If they can increase the facility output in a timely manner, and the prices remain solid (and they have been rock solid for a while now), then they should be able to make it without any more stock offerings. Of course the track record for Molycorp's timeliness is rather bad, but at some point even the slowest turtle finishes the race.
The other reason is that they already had one SEC investigation for their information flow practices ... probably unpleasant. The legal advice that follows is always that you can't be held responsible for what you don't say. I think they've gotten more opaque since then.
Is there something in the news? I remember Molycorp had a $150 million claim against an engineering company ... not billions by any stretch, but still if there was a judgement to award 60% ... that would be real money ... $90 million.
I've googled and see nothing.
The RE price will obviously respond to the RE supply and demand. If wind power installations move from the 35k MW of 2013 back to the 45k MW of 2012 (and projections are they will, then the additional supply from Molycorp is dwarfed by the additional demand from wind turbine manufacturers. You have to take the market they sell into as an important factor in any financial pseudo-analysis. You rare include any demand growth, and over estimate the supply growth issues.

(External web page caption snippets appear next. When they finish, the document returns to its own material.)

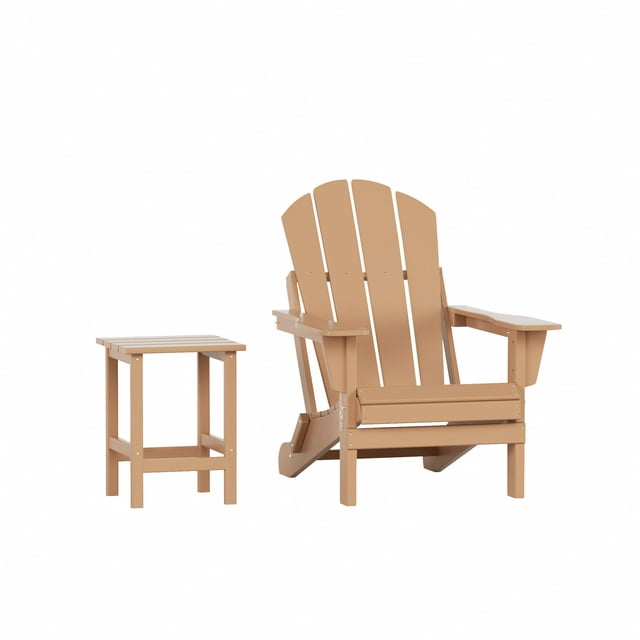 WestinTrends Malibu 2-Pieces Adirondack Chair Set with Side Table, All Weather Outdoor Seating Plastic Patio Lawn Chair Folding for Outside Porch Deck Backyard, Teak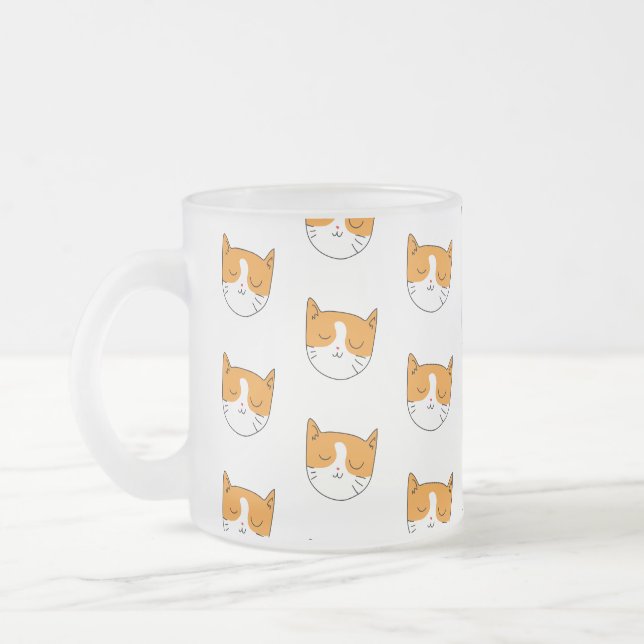 Caneca De Café Vidro Jateado Fosco De Gato Com Sono Bonito (Esquerda)
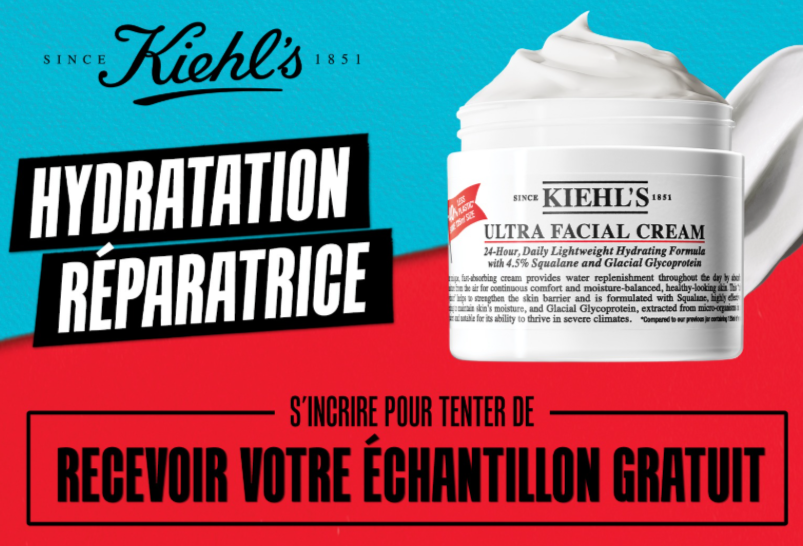 Échantillon gratuit Crème Ultra Facial Kiehl’s – soin hydratant visage emblématique, tirage au sort 10 000 participants, jeu-concours beauté L’Oréal France.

Obviously the relative in-elasticity or elasticity of the demand curve is a critically important factor that is unknown. Merely pointing to the increase in supply does not actually tell anything. If the demand curve is HIGHLY elastic (ie nearly flat) then the new price equilibrium after introducing new supply is barely changed. If the demand curve is highly inelastic (ie nearly vertical) then a small change in supply will wildly change the price.
Your analysis has the benefit of sounding like common sense, but it leaves out so much as to be relatively useless. Yes, common sense tells us increased supply generally leads to lower prices (although nothing of the magnitude of the response). Common sense also tells us that decreased demand leads to a lower price (what we've seen last year). Market forces are important, but don't neglect the general market force of an improving world economy, and the specifics of the RE demand markets.

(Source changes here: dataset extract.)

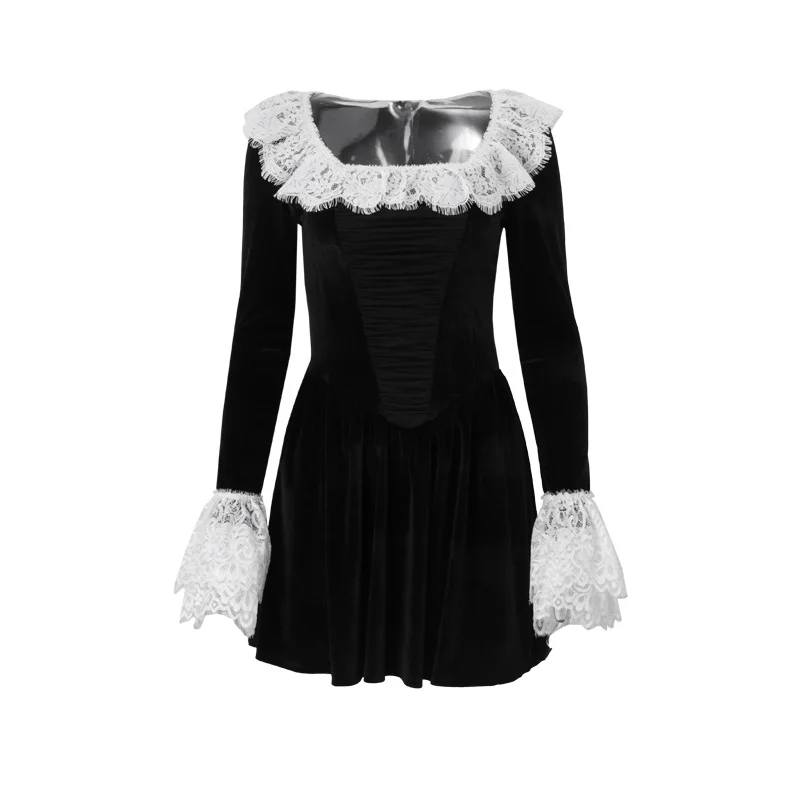 Brownm Brownm 2024 New Product Fashion Sexy Temperament French Court Lace Lace Velvet Long-Sleeved Dress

The funny thing is that it took Moody's this long since the dismal Q1 report to add up the numbers and listen to the CC about delays, and to conclude the situation was a little worse. The stock market figures that out in a day, and the bond market (I don't know) probably had the same speed.
Moody's is telling us what we already know: Molycorp lost money in Q1 and made it clear that progress was slower than the had previously stated.

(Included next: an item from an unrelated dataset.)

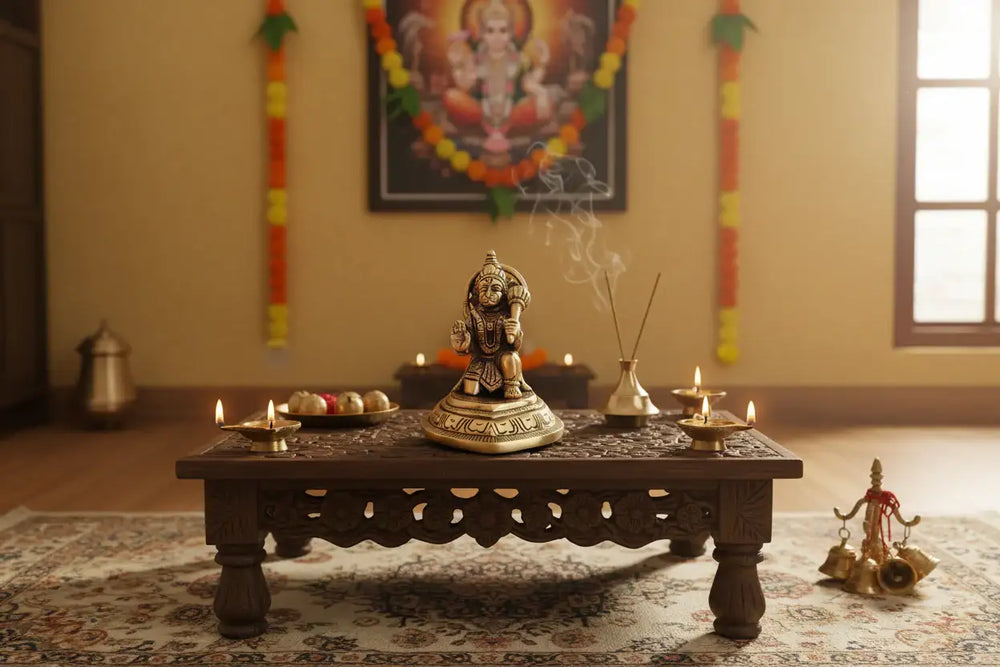Brass Lord Hanuman Idol with Gada – Symbol of Devotion, Strength, and Protection   Brass Ware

Since the news of a settlement with M&K Engineering caused me to look at the 11-5-2012 PR, I will excerpt the most painful sentence:
"Those defects will not impact the timing of the Company’s plans to ramp up production at its Mountain Pass facility, Mr. Ashburn said, and the Company still expects to achieve full Phase 1 production rates by the end of the current quarter as previously announced."
You can't spin the failure to meet the schedule. It is the failure that is behind every other bit of bad news. Over budget and behind schedule. Moody's seems determined to show that they can move with the same glacial pace with their ratings.
Looks like Moody's now has an understanding of the Q1 report and CC. You know, the one that caused the market to drop the stock price 30% in after hours trading a few minutes later. I'm guessing bond prices on the Molycorp notes dropped in the same time frame.
We knew as soon as they said that they are having trouble with the ramp up that it was bad news. As soon as they reported low, low revenues, we knew that the financial situation was now incrementally worse.
Anyone looking at this rating change and thinking it is news is missing the glacial pace of bond ratings agencies.